Das 9. Kapitel des Buches Daniel enthält eine der eindrucksvollsten Prophezeiungen über den Messias. Diese Prophezeiung beschreibt sein Kommen und sein Abgeschnittenwerden durch den Tod, wodurch ein Loskaufsopfer zur Sühnung der Sünde bereitgestellt und die Grundlage geschaffen wurde, auf der gehorsame Menschen ‘Gerechtigkeit auf unabsehbare Zeiten’ erlangen können (Daniel 9:24-27; vergleiche Matthäus 20:28). Gemäß dieser Prophezeiung sollte sich das alles im Verlauf von 70 Jahrwochen abspielen, die im Jahr 455 v. u. Z. begannen, als der Befehl zum Wiederaufbau Jerusalems gegeben wurde (Nehemia 2:1-11).a Aufgrund der Zeiteinteilung in dieser Prophezeiung kann man erkennen, daß der Messias zu Beginn der 70. Jahrwoche erscheinen sollte. Das geschah, als sich Jesus im Jahr 29 u. Z. zur Taufe darstellte und dadurch seine Aufgabe als Messias offiziell übernahm. „Zur Hälfte der Woche“ oder nach dreieinhalb Jahren sollte der Messias durch den Tod abgeschnitten werden, und die unter dem mosaischen Gesetz dargebrachten Schlachtopfer sollten keinen Wert mehr haben (Hebräer 9:11-15; 10:1-10).
Aus dieser Prophezeiung ist ersichtlich, daß die Dienstzeit Jesu dreieinhalb Jahre dauerte. Jesus starb im Frühjahr 33 u.
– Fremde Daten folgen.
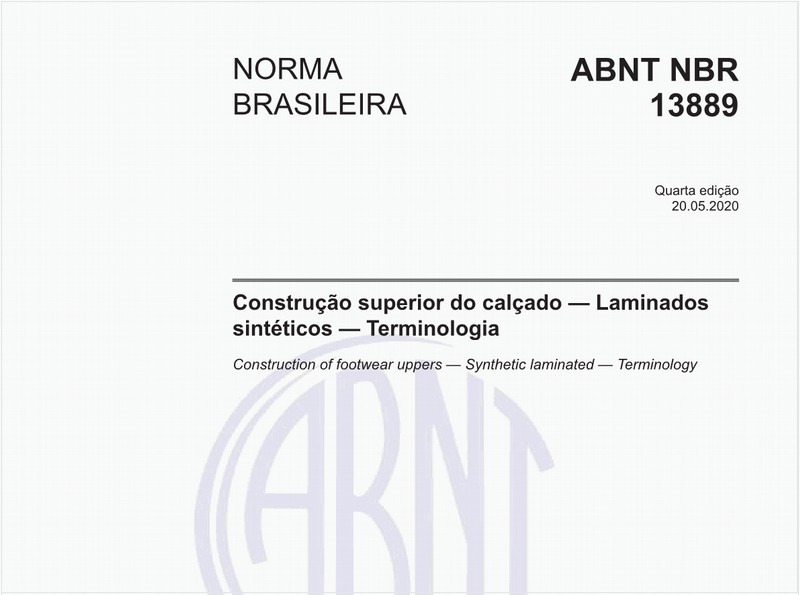 Construção superior do calçado — Laminados sintéticos — Terminologia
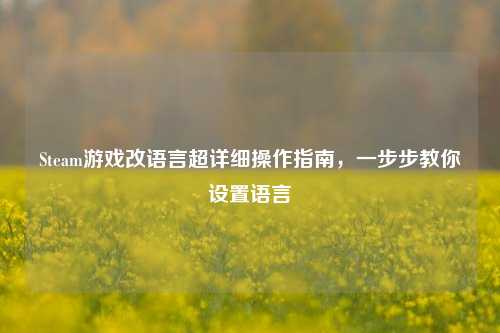 Steam游戏改语言超详细操作指南,一步步教你设置语言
Z., am Passahtag, das heißt am 14. Nisan (nach dem jüdischen Kalender). Der 14. Nisan jenes Jahres entspräche dem 1. April (Matthäus 26:2). Rechnet man dreieinhalb Jahre zurück, müßte Jesus Anfang Oktober 29 u. Z. getauft worden sein. Von Lukas erfahren wir, daß Jesus bei seiner Taufe ungefähr 30 Jahre alt war (Lukas 3:21-23). Demnach wäre er ungefähr Anfang Oktober geboren worden. Das würde mit dem Bericht des Lukas übereinstimmen, der besagt, daß zu jener Zeit immer noch Hirten „draußen im Freien lebten und in der Nacht über ihre Herden Wache hielten“ (Lukas 2:8).
Aus welcher Quelle?
Wenn die Beweise doch dafür sprechen, daß Jesus Anfang Oktober geboren wurde, warum feiert man dann seine Geburt am 25. Dezember? Nach der New Encyclopædia Britannica wurde damit erst Jahrhunderte nach der Geburt Jesu begonnen: „Im 4. Jahrhundert übernahm man in den meisten Ostkirchen allmählich den 25. Dezember zur Feier der Geburt Christi. In Jerusalem hielt der Widerstand gegen die Weihnachtsfeier etwas länger an, aber schließlich akzeptierte man sie doch.“
Warum nahmen die angeblichen Christen diesen Brauch Jahrhunderte nach Christus so ohne weiteres an? Die New Encyclopædia Britannica wirft weiteres Licht auf dieses Thema: „Die traditionellen Weihnachtsbräuche stammen aus verschiedenen Quellen und sind das Ergebnis des zufälligen Zusammentreffens der Feier der Geburt Christi mit den heidnischen von der bäuerlichen Kultur und dem Sonnenkult geprägten Festen zur Zeit der Wintersonnenwende. In der römischen Welt waren die Saturnalien (17. Dezember) eine Zeit, in der man sich vergnügte und Geschenke austauschte. Der 25. Dezember galt ferner als das Geburtsdatum des iranischen Mysteriengottes Mithra, der Sonne der Gerechtigkeit.“
War das alles tatsächlich ein „zufälliges“ Zusammentreffen? Keineswegs! Es ist eine geschichtliche Tatsache, daß es im vierten Jahrhundert u. Z. unter Kaiser Konstantin insofern zu einer Wende kam, als das Römische Reich, der ehemalige Verfolger des Christentums, zum Förderer des jetzt anerkannten „Christentums“ wurde. Je mehr der neue Glaube unter der allgemeinen Bevölkerung, die die Vorgeschichte des wahren Christentums nicht kannte, Fuß faßte, desto mehr begann sie ihre gewohnten heidnischen Feste unter Bezeichnungen ihres neugefundenen „christlichen“ Glaubens zu feiern. Welches Datum für die Feier der Geburt Christi hätte passender sein können als der 25. Dezember, der bereits als Geburtstag der „Sonne der Gerechtigkeit“ galt?
Spielt es eine Rolle?
Die ersten Nachfolger Jesu, die ja jüdischer Herkunft waren, feierten Jesu Geburtstag bestimmt nicht. In der Encyclopaedia Judaica wird gesagt: „Geburtstagsfeiern waren im traditionellen jüdischen Kultus unbekannt.“ Die ersten Christen hätten eine solche Feier nicht übernommen. Statt Jesu Geburtstag zu feiern, befolgten sie sein Gebot, seines Todes zu gedenken, und dafür hatten sie ein unanfechtbares Datum, nämlich den 14. Nisan (Lukas 22:7, 15, 19, 20; 1. Korinther 11:23-26).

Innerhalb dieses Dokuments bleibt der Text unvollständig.